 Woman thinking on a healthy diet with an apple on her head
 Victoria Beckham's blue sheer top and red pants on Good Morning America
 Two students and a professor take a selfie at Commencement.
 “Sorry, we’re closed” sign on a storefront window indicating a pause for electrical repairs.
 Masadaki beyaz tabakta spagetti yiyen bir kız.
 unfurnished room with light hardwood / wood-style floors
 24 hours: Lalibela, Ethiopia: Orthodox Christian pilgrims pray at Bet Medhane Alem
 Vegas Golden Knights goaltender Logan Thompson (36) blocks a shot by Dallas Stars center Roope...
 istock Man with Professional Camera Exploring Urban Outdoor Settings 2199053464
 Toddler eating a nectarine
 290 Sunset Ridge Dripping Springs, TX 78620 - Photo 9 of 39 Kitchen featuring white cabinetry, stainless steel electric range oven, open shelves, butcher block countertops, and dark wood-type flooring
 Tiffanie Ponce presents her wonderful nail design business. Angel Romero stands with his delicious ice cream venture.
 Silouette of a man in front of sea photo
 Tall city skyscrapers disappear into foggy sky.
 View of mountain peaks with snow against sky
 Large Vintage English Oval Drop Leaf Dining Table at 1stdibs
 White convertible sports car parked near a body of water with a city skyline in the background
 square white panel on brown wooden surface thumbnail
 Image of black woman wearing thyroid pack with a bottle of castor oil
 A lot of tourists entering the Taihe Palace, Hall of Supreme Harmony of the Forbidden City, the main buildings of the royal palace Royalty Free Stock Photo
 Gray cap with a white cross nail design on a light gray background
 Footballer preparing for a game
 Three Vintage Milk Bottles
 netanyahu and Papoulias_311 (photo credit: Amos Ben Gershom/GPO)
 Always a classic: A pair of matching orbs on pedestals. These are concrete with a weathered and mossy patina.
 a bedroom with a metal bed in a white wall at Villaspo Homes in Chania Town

| ACTIVITY |
Scan the entries above and show each line that contains the word "background".

| SOLUTION FOR THIS EXERCISE |
 White convertible sports car parked near a body of water with a city skyline in the background
 Gray cap with a white cross nail design on a light gray background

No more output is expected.